Dua orang yang pulih dari Covid-19 adalah pasien kasus 06. Dia merupakan kru kapal Diamond Princess yang tengah dirawat di RS Persahabatan.

“Pada hari kelima pemeriksaan sudah menunjukkan hasil negatif,” katanya.

Tim kesehatan masih menunggu pemeriksaan lanjutan dua hari yang akan datang. Apabila tetap negatif maka yang bersangkutan dipersilakan keluar dari rumah sakit. Meski demikian, setelah keluar, yang bersangkutan harus melakukan isolasi diri untuk tidak melakukan kontak dekat dengan siapapun sementara.

“Bukan berarti tidak boleh kontak dengan siapapun. Boleh, tapi ditahan. Artinya dia harus menggunakan masker dan berusaha pada posisi setidaknya dua meter, kalau kita bicara self isolated,” ujarnya.
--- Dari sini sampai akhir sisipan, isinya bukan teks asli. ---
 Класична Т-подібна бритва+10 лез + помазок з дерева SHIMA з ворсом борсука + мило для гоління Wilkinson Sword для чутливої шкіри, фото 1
Dikatakannya lagi, pasien kasus 06 itu juga harus melakukan pengawasan diri jika merasa ada keluhan panas, batuk atau sesak nafas kembali, maka harus melaporkan ke petugas kesehatan.

Sedangkan satu orang lagi yang dinyatakan pulih pada hari ketiga perawatan adalah pasien kasus 14. Setelah dilakukan penelusuran, kasus 14 sudah sakit selama tiga hari di rumah sebelum dirawat di RS.

Selama sakit tiga hari di rumah, yang bersangkutan merasa hanya influenza biasa, sehingga melakukan pengobatan sendiri. Baru pada hari ketiga setelahnya yang bersangkutan melaporkan ke rumah sakit.

“Untuk kasus 14 ini kita lakukan tracking, karena sudah dua tiga hari di rumah dalam keadaan sakit,” katanya.

Sementara itu, Direktur Medik dan Keperawatan Rumah Sakit Penyakit Infeksi (RSPI) Sulianti Saroso Jakarta, Dyani Kusumowardhani menyatakan satu pasien berstatus dalam pengawasan dinyatakan bebas Covid-19 setelah dua kali pemeriksaan klinis.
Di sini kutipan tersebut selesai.